The noble Baroness, Lady Jones, referred to the Government’s target to achieve net-zero emissions by 2050. I would love us to achieve net zero sooner; I do not think anyone would disagree. But we must be realistic when we set policy and even the Committee on Climate Change has been clear that there is no path to net zero that does not involve a major commitment on tree planting. However, trees do not tend to be able to absorb significant amounts of carbon until they are about 15 years old. If nature-based solutions are to form part of our endeavour to meet net zero, there is no way we can meet that target by 2030. When we legislated, we were the only serious industrialised country to make such a commitment in law and I am proud of that. We are in many respects world leaders in tackling climate change at home and contributing against it abroad.

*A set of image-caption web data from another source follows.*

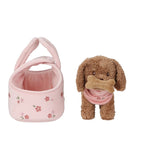Perrito peluche Jackie con bolsa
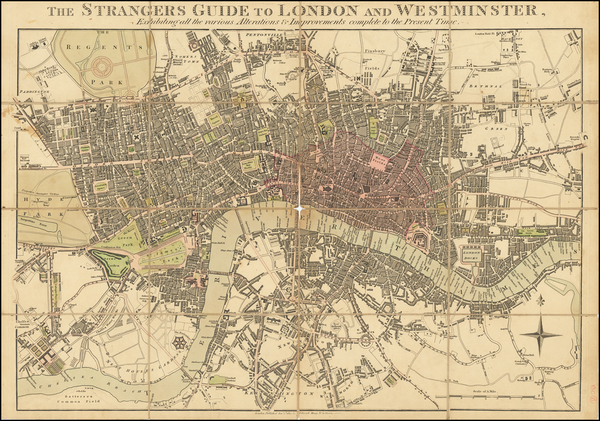 8-London Map By Edward Mogg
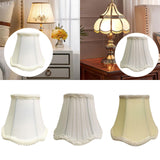 Maxbell Lamp Shade Cloth Classic Replacement Lamp Cover for Bedroom Cafe Living Room White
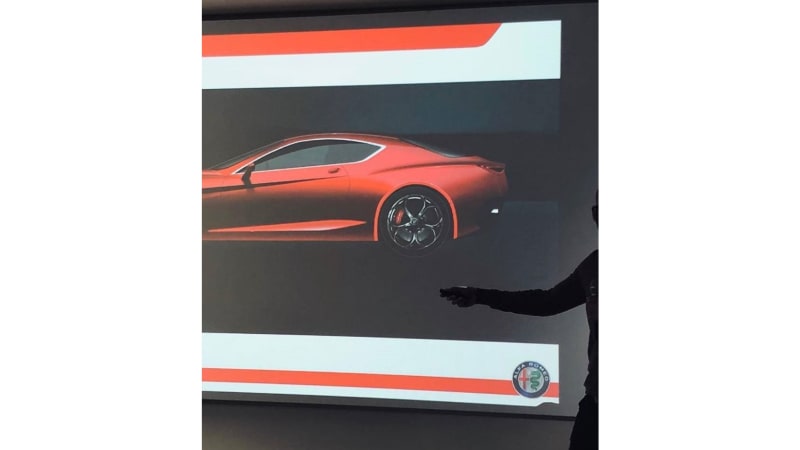 Alfa Romeo GTV leaked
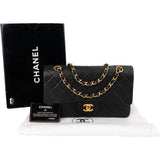 Chanel Quilted Lambskin 24K Gold Medium Double Flap Shoulder Bag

The question of building on flood plains has been raised numerous times in the debate and will no doubt continue to be raised. It is a legitimate point: we should not build in areas where homes are at risk of floods if there are alternatives. As was pointed out by my noble friend Lady Bloomfield in her answer to an earlier question, I am standing at a Dispatch Box on a flood plain right now—London is largely constructed on a flood plain. It is not possible or realistic simply to have a blanket ban. Equally, we should absolutely ensure that homes are not built in areas that put residents at risk and, where there are no alternatives, that such homes are built to be resilient—with raised floor levels and so on.

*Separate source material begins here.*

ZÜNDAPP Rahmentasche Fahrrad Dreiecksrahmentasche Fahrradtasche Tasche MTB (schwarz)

We have been asked about the review of the insurance scheme, Flood Re. It is correct that it does not currently extend to businesses. However, there is a review, as the noble Baroness, Lady Pinnock, knows, and part of that will look at what answers will need to be provided by government in relation to businesses. I should say that a number of specific mechanisms have been available to local authorities to help businesses following the 2015 floods, such as business rate relief and a broader package, none of which would leave a local authority out of pocket. It is not enough, and there is no taking away from the fact that the lives of people, as well as homes and businesses, affected by floods are turned upside down. There is nothing that any Government can do to make that not the case. However, the Government are reviewing the issue and Flood Re may well be extended beyond its current scope, depending on the evidence that is returned.
I hope that I have covered all the points raised but one final issue relates to working with nature as a means of trying to prevent an increase in this problem in the years to come. That is very much part of our strategy and there is no doubt that if we want to prevent the ever-increasing ferocity of floods, we will need somehow to increase the absorbability of land and slow the flow of water across its surface. We know that planting trees massively increases that absorbability and that, when we restore peat lands, the same effect is true. The noble Baroness, Lady Pinnock, mentioned beavers. I am a huge fan of the beaver experiment that is unfolding across this country. There is no doubt that where beavers form colonies their activities, not least building dams, enable that particular catchment to hold much more water than it otherwise would. There is some quite strong evidence that where beavers form a colony it reduces the impact of flooding.
As a Government, we are doing a number of things that will ensure that we increasingly put the emphasis on nature-based solutions, not least the new land use subsidy system that we will introduce to replace the common agricultural policy. Instead of paying landowners more or less simply for owning farmable land, we will ensure that those payments are entirely conditional upon the provision of some kind of public good, whether that is flood prevention, biodiversity support or access for people in cities. Equally, we have committed to establish a nature for climate fund worth £640 million. Much of that will be spent to ensure that we deliver on our manifesto commitment to plant trees on 30,000 hectares per year, but it also includes money for restoring our valuable peat lands across the country, among other things.
There is an enormous amount of work to do but, from the commitments that this Government have already made, which I hope we will continue to build on over the coming months in this hugely important year—the super year for nature—it is clear that the Government have taken these issues extraordinarily seriously and are responding to the challenge as they should.